As an Institute, we continue to do all we can for our members, key amongst this is to ensure that they are trained continually on emerging disciplines and on new matters affecting the profession and its cross disciplines. We also encourage our members to form alliances and even merge, so as to consolidate their resources and create greater opportunities for taking on sizeable projects.
THE 16TH ECONOMIC SYMPOSIUM
The Institute recently held its annual Economic Symposium, which focused on strategies for reviving the economy. Themed, “Beyond the storm – Strategies for enhanced economic development” it sought to look into all the issues that were impacting, whether adversely or positively, on the sustainable economic progress of the country. The issue of governance came out very strongly, reflecting the debacle of the Electoral Commission of Kenya that plunged us into violence, and the collapse of two stockbrokering firms. The Institute Chairman, Steve Lugalia, remarked that; “There is a need to boost market confidence and integrity and this would be done through the separation of the ownership from the management of the course and more funds being directed to strengthening governance structures”. He also advocated for brokers to make their financial statements public. Though this is not a legal requirement, it would be a show of good faith and boost the confidence that investors must have in the firms managing their funds.
ELECTRONIC JOURNAL NOW AVAILABLE
The Accountant, the Institute journal published bi-monthly is now available in soft copy PDF format. To receive this publication free of charge, kindly send a blank e-mail to email@example.com
UNITED KINGDOM TAX REGIME FOR NON-DOMICILED INDIVIDUALS
It is goodbye to the UK tax haven for non-domiciled individuals after significant changes were confirmed by the Chancellor in his budget speech for the tax year commencing on 6th April 2008. UK resident non-domiciled individuals will not anymore be liable for tax on foreign income and gains remitted to the UK, but on their world-wide income and gains (“the arising basis”) they will be liable unless they elect the remittance basis of taxation.
- Residence test
A day will only be counted if the individual is present in the UK at midnight. Exemptions will also be available to passengers transiting through the UK.
- Personal allowances and the remittance basis rule
Individuals who claim use of the remittance basis will not be entitled to any personal income tax allowances or Capital Gains Tax (GGT) annual exemption allowance for that year, except if foreign income and gains not remitted to the UK in that year are less than £2,000. Money, property and services derived from relevant foreign income will be treated as a remittance from 6th April 2008; however, personal effects and assets costing less than £1,000 are exempt.
- £30,000 charge
A non-domiciled individual that has been resident in the UK “for more than seven of the past ten tax years”, claiming the remittance basis, will have to pay a £30,000 annual tax charge in respect of foreign income and gains left outside the UK during that relevant tax year in addition to the tax due on UK income and gains and remitted foreign income and gains.
- Offshore mortgages
Interest payments made on offshore mortgages existing prior to 12 March 2008 and secured by UK residential properties paid out of relevant foreign income (RFI) only will not be treated as a remittance.
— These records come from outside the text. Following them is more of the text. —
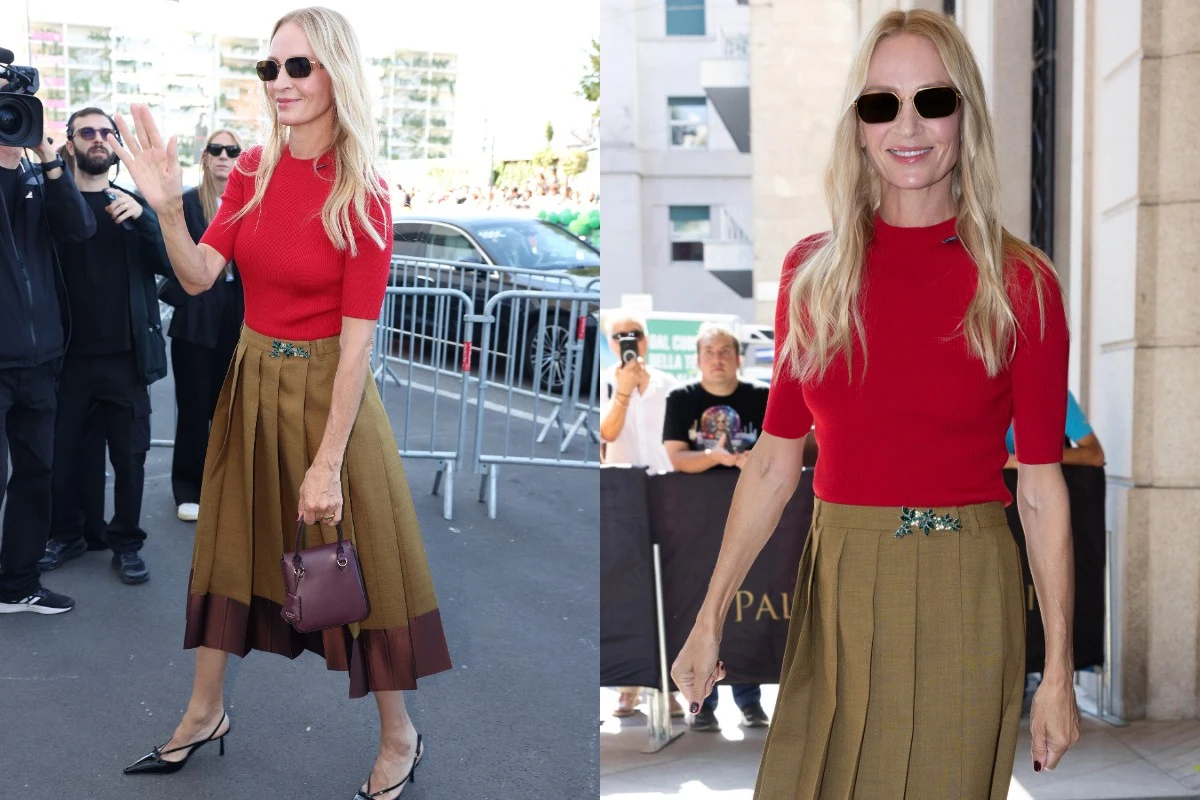 Uma Thurman zachwyca stylem na pokazie Prady Uma Thurman w czerwonym topie, plisowanej spódnicy i czarnych okularach na pokazie Prady, z brązową torebką.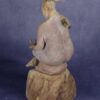 three quarters back view: clay sculpture of seated woman with a branch for an arm and coral protruding from her head like a crown.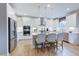 Bright kitchen with stainless steel appliances, white cabinets, island, and pendant lighting at 673 Sun Meadow Dr, Wake Forest, NC 27587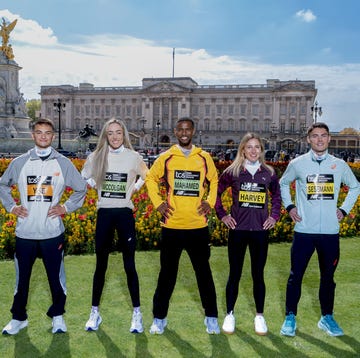 athletes posing in front of a historic building showcasing athletic wear athletes posing in front of a historic building showcasing athletic wear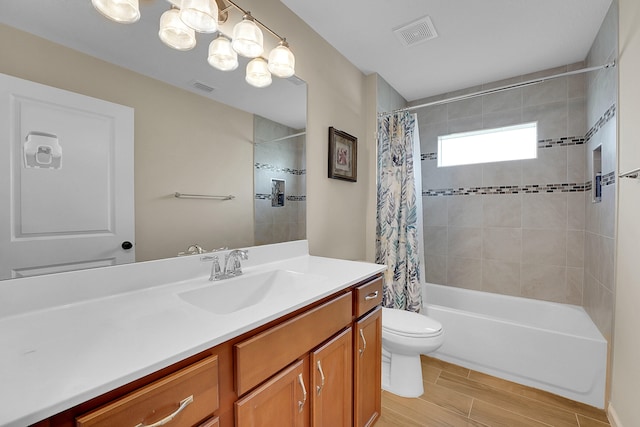 full bathroom featuring toilet, shower / bath combo with shower curtain, and vanity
However, the principal repayments out of offshore income and gains will be treated as a remittance regardless of new or existing mortgages.
- Cease source
Foreign income from a trade or profession, or rental and savings, will be liable to tax regardless if it was capitalised in previous years and whether the source existed or not on date of remittance.
- Capital Gains Tax losses
Relief will be available for foreign CGT losses if a non-domiciled individual is liable to capital gains tax on foreign gains due to the arising basis from 2008-9. If such individual claims the remittance basis, an irrevocable election will be available to claim such losses in years in which they are liable to tax on the arising basis.